From WikiMD's Wellness Encyclopedia

Bedwetting
Other namesNocturnal enuresis
SpecialtyPediatrics, Urology
SymptomsInvoluntary urination during sleep
Usual onsetTypically before age 5-7
DurationCan persist into adolescence
TypesPrimary, Secondary
CausesGenetic factors, Sleep disorders, Urinary tract infections, Diabetes, small bladder capacity
Diagnostic methodBased on symptoms, excluding other conditions
Differential diagnosisDiabetes, Urinary tract infection, Sleep apnea
PreventionLimiting fluids before bedtime, regular urination schedule
TreatmentBehavioral therapy, moisture alarms, medications
MedicationDesmopressin, anticholinergics
PrognosisOften resolves with age
FrequencyCommon in children



Bedwetting, also known as nocturnal enuresis, is a common condition where an individual, usually a child, involuntarily urinates during sleep. It is considered a normal part of childhood development up to a certain age, typically around 5-7 years. Beyond this age, if bedwetting continues, it may be a concern and require further investigation.

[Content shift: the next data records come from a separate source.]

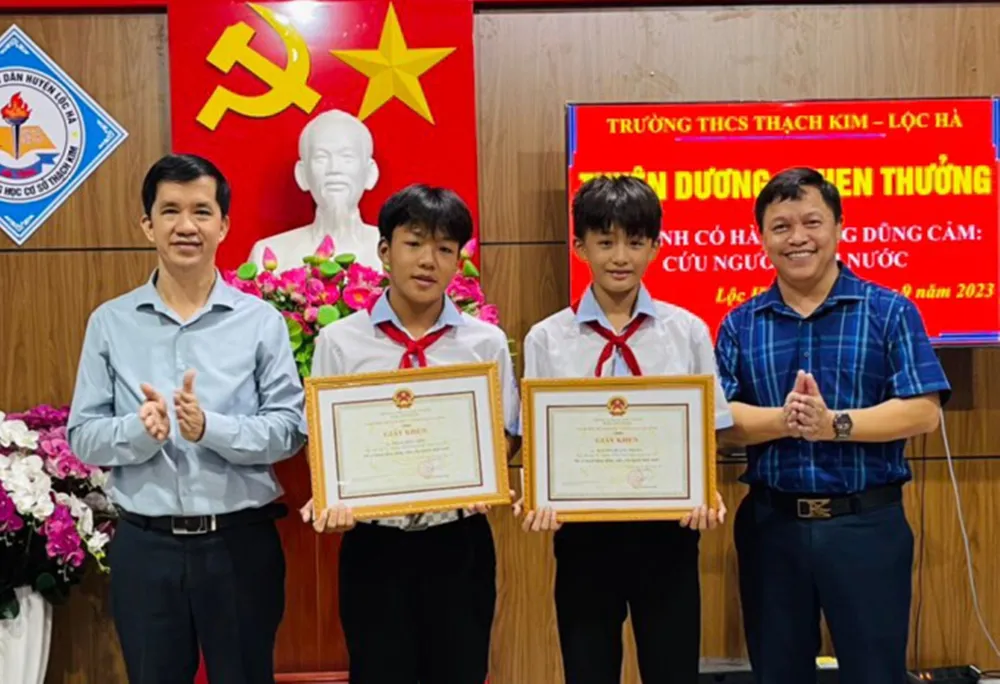 Đại diện Sở GD-ĐT tỉnh Hà Tĩnh trao bằng khen cho 2 em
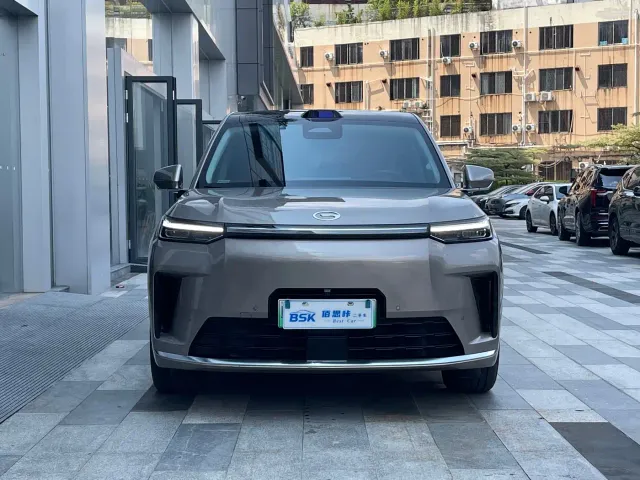 GAC Trumpchi Xiangwang S9 — Фото автомобиля 2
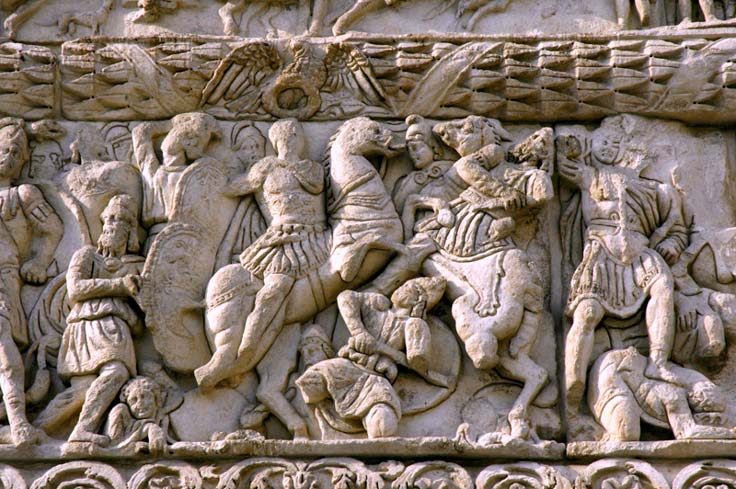 Битва при Сатале: победа Галерия над Нарсе, барельеф на арке Галерия в Фессалониках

Classification[edit | edit source]

Bedwetting can be classified into two types:

  • Primary nocturnal enuresis occurs when a child has not yet stayed dry on a regular basis.
  • Secondary nocturnal enuresis begins after the child has been dry at night for a significant period, typically more than six months, and then begins to wet the bed again.

Causes[edit | edit source]

The causes of bedwetting are often multifactorial and can include:

  • Genetics: A family history of bedwetting can increase the likelihood of the condition.
  • Sleep disorders: Issues such as sleep apnea can disrupt the sleep cycle and lead to bedwetting.
  • Urinary tract infections: These can cause an increased urgency to urinate, which can lead to nighttime accidents.
  • Diabetes: High blood sugar levels can lead to increased urine production and bedwetting.
  • Small bladder capacity: Some children have a smaller than average bladder, which can lead to difficulties holding urine throughout the night.

Diagnosis[edit | edit source]

Diagnosis of bedwetting is primarily based on the medical history and symptoms presented by the patient. It is important to rule out other possible conditions such as diabetes or a urinary tract infection. A detailed history from the parents regarding the onset and frequency of bedwetting episodes is crucial.

Treatment[edit | edit source]

Treatment options for bedwetting can vary based on the age of the child and the underlying cause of the bedwetting. Common treatments include:

  • Behavioral therapy: Techniques such as positive reinforcement and bladder training exercises.
  • Moisture alarms: These devices wake the child at the first sign of wetness, helping them to associate the sensation of a full bladder with waking up.
  • Medications: Drugs such as desmopressin or anticholinergics may be used in some cases to manage symptoms.

Prognosis[edit | edit source]

Most children outgrow bedwetting naturally as they age. The prognosis is generally good, with many children ceasing to wet the bed by adolescence.